Slovakia’s finance minister Igor Matovic said recent talks with top managers of US Steel have been focused on replacing the three current coke-fueled blast furnaces at its US Steel Kosice mill with two electric arc furnaces and other modernization investments to drastically cut the plant’s carbon footprint.

“We want to secure the future of the Kosice plant, there is no other way than decarbonisation,” Matovic said in a press conference May 14 on his return to Bratislava after two days of talks in Pittsburgh. “That means replacing the coke-fueled blast furnaces with electric arc furnaces.”

Matovic added that talks centered on investment in two electric furnaces and other carbon cutting modernizations in moves which would cut carbon emissions at the Kosice steelmaker by 80%.

“Without this investment, steelmaking in Eastern Slovakia will gradually disappear,” the minister warned.

The total investment costs are estimated at around Eur1.5 billion (1.82 billion dollars), Matovic said. Talks with US Steel’s top managers, including CEO David Burritt, were aimed at explaining how the Slovak government’s Renewal and Resilience Plan and Modernization Fund could be used at the Kosice steel mill to transform it into “an environmental leader in Eastern Europe,” he said. The Slovak plan has earmarked Eur363 million for modernization of Slovak industry aimed at reducing carbon emissions with funding possible for the best available technology currently available.

Other investment help could be offered by the Slovak government “within the framework of what is permitted under European Union rules,” Matovic said, without giving further details. “Without this cooperation from Slovakia, the [modernization] investment will not happen,” Matovic warned.

US Steel still has to take a final investment decision on the Kosice modernization, Matovic said. “We will have to see what the result of these discussions [in Pittsburgh] will be. I believe that the decision will be positive, but there is still a long way to go,” he added.

Secretary of State at the Ministry of Finance, Marcel Klimek, who was part of the Slovak delegation, said US Steel is unable on its own to consider the Kosice mill modernization. “US Steel Corporation in the last two years made a combined loss of almost $1.8 billion…. The situation in the steel sector is so unfavorable that many steel mills are closing because of excess capacity, are facing severe financial problems, or have gone bust altogether,” he added.
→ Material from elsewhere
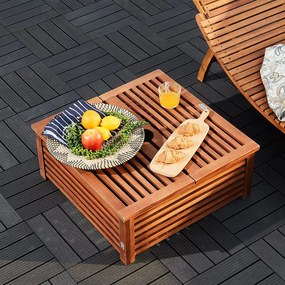 Mesa Jardim com Suporte para guarda-sois com tampa em madeira de acácia certificada FSC® 62 x 62 x 26 cm Castanho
Many market analysts in the US question whether it would be better for US Steel to focus on its core American business rather than maintain its only significant European steel production operations at Kosice, Klimek said. The EU’s ambitious carbon cutting and environmental targets had raised doubts at US Steel whether there was still a place for heavy industry, such as steel production, in Europe, he added.

US Steel Kosice has raw steel production capacity of 4.5 million mt. It produces and sells slabs, plate, sheet, tin products, spiral welded pipe, and refractory ceramic materials, and mainly serves customers in the car production, construction, container, electrical appliance, oil and gas and petrochemical markets.